The team was not just diverse in culture, but in character. You had Alex and Gaby, who lived in the upstairs part of their family-owned Bodega and spoke mostly in Spanish. Tina was the Vietnamese girl who was the genius of the group who introduced Viewers Like You to Asian culture. Lenni was a musician, and then there’s Jamal—the young bright African-American who unleashed Ghostwriter from a book he found while cleaning his basement with his father. Played by none other than Samuel L. Jackson…! Ghostwriter didn’t mess around with celebrity cameos. Other famous figures such as Spike Lee, Ed Lover and Dr. Dre of Yo! MTV Raps fame, Bo Jackson, Salt N Pepa, Robin Leech, and Judge Reinhold played various roles throughout the show’s run. One of the most notable cameos involved a pre-teen Julia Styles as Erica, a pre-teen computer hacking prodigy.

Julia Stiles in Ghostwriter ("Who is Max Mouse?")
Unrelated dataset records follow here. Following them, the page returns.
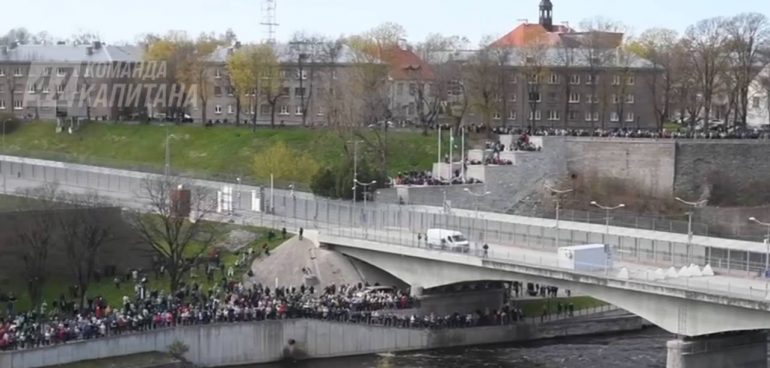 В Нарве жители занимали места на набережной ради концерта Победы из Ивангорода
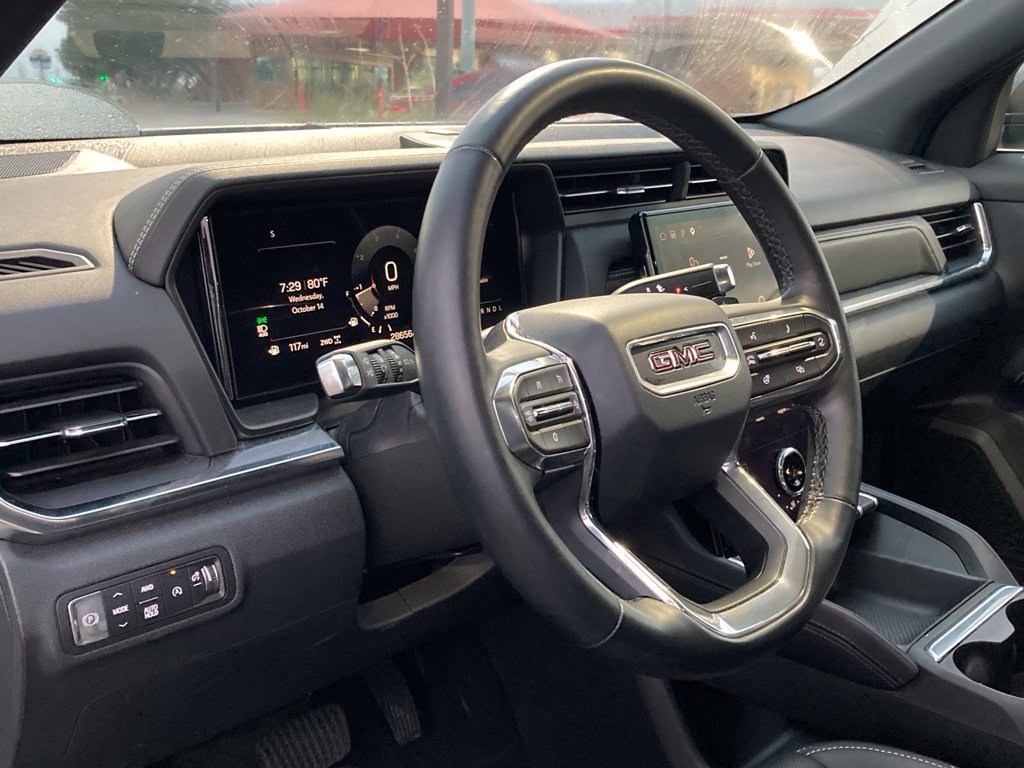 Used 2026 GMC Terrain Elevation w/ Elevation Premium Package AWD/4WD image 9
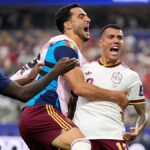 Spanyolország elrontotta a Bastille-napi partit azzal, hogy 2-0-ra legyőzte Franciaországot és bejutott a világbajnokság döntőjébe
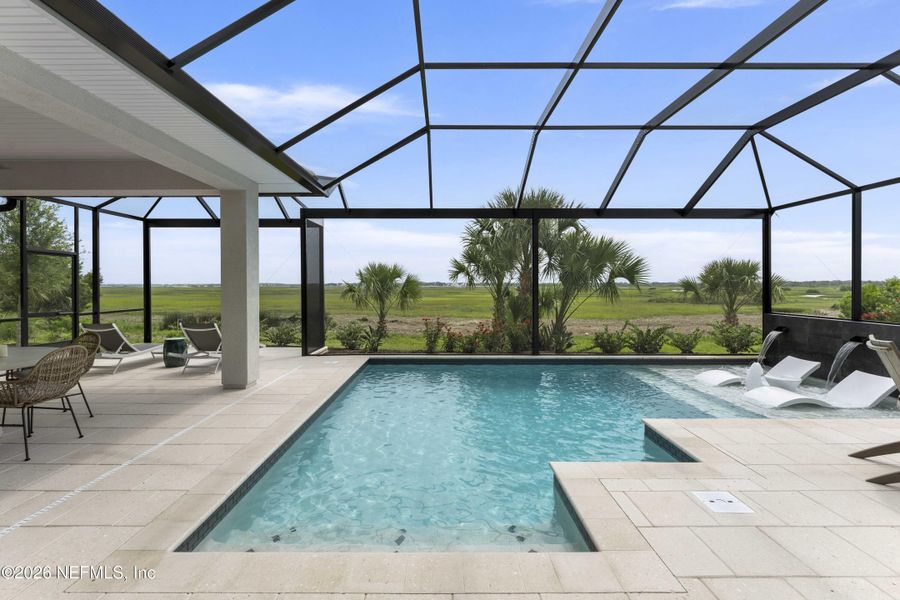 Exterior details and patio area of a home in , Ponte Vedra Beach (Image 25).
What made Ghostwriter really stand out was the epic cliffhangers at the end of every episode. You would literally have the kids facing perilous situations no ghost could write its way out of. Yet they came together to save the day. One of the ways they did it was with the RALLY. When someone from the team would come close to cracking the case, they would write the word RALLY with the first initial of their name. Ghostwriter would then run the message to the other members of the team, rearranging letters to spell the R-word that meant business. The team would assemble, collaborate with clues, and solve the case. Every. Single. Time. Sometimes it took math, sometimes science, sometimes culture, or sometimes it took overcoming serious real world issues including racism, drug abuse, bullying, and gang violence, but they braved it all through the suspense.

Ghostwriter was Reading Rainbow meets 21 Jump Street. You were learning in every step of the adventure. Before we wrote on each other’s walls and timelines, I wished that one day I could glance at a newspaper or a comic and see the letters rearrange and burst before my eyes, RALLYC. I still wonder what we could have solved.